Data extract »

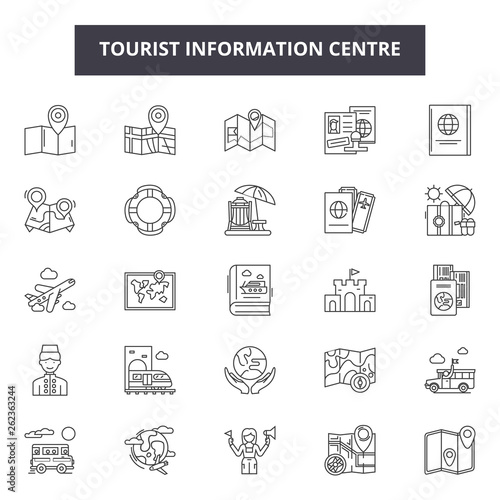 Tourist information centre line icons, signs set, vector. Tourist information centre outline concept illustration: information,tourism,center,tourist,travel,info,service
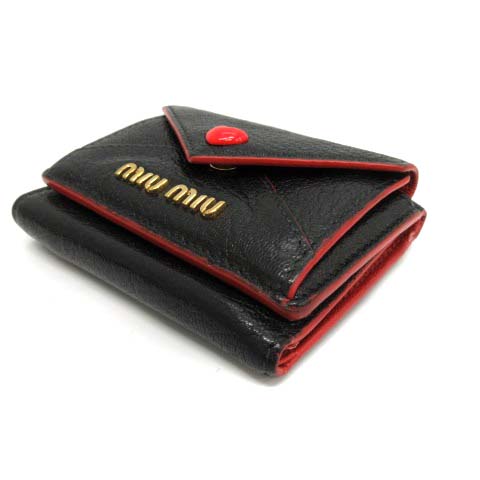 MIU MIU 三つ折り財布 マドラスラブ ウォレットブラック ミュウミュウ MIUMIUマドラスラブ ブラック レザー 三つ折り財布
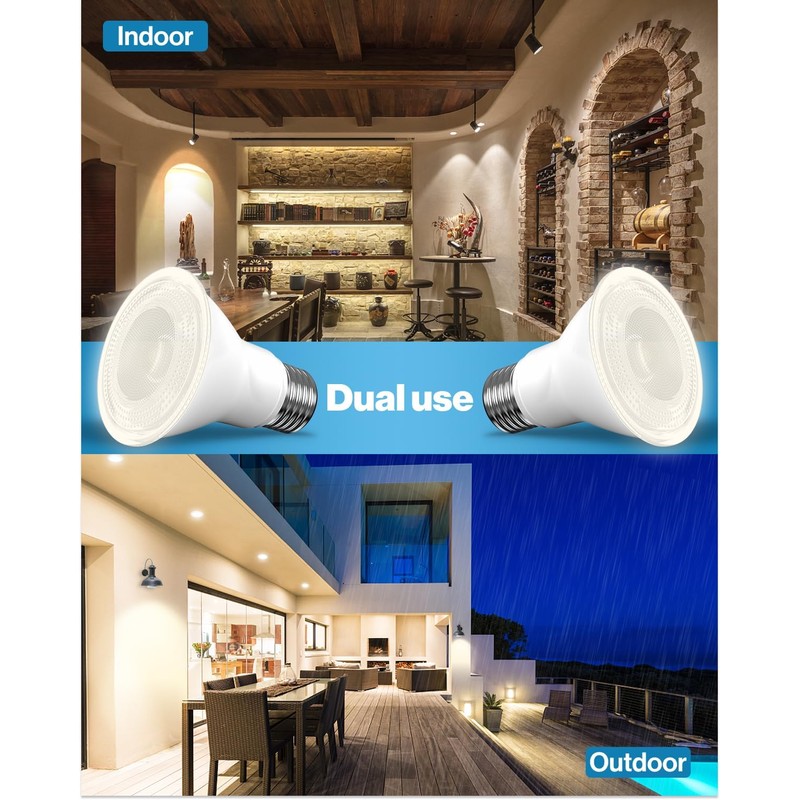 Sunco 20 Pack PAR20 LED Bulbs, 800 Lumens High Brightness,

Exercise instructions » Find the line holding "MIU MIU 三つ折り財布" in the data above. Retype it and every later line exactly, through the end, but not the pictures.

Completed exercise »
 MIU MIU 三つ折り財布 マドラスラブ ウォレットブラック ミュウミュウ MIUMIUマドラスラブ ブラック レザー 三つ折り財布
 Sunco 20 Pack PAR20 LED Bulbs, 800 Lumens High Brightness,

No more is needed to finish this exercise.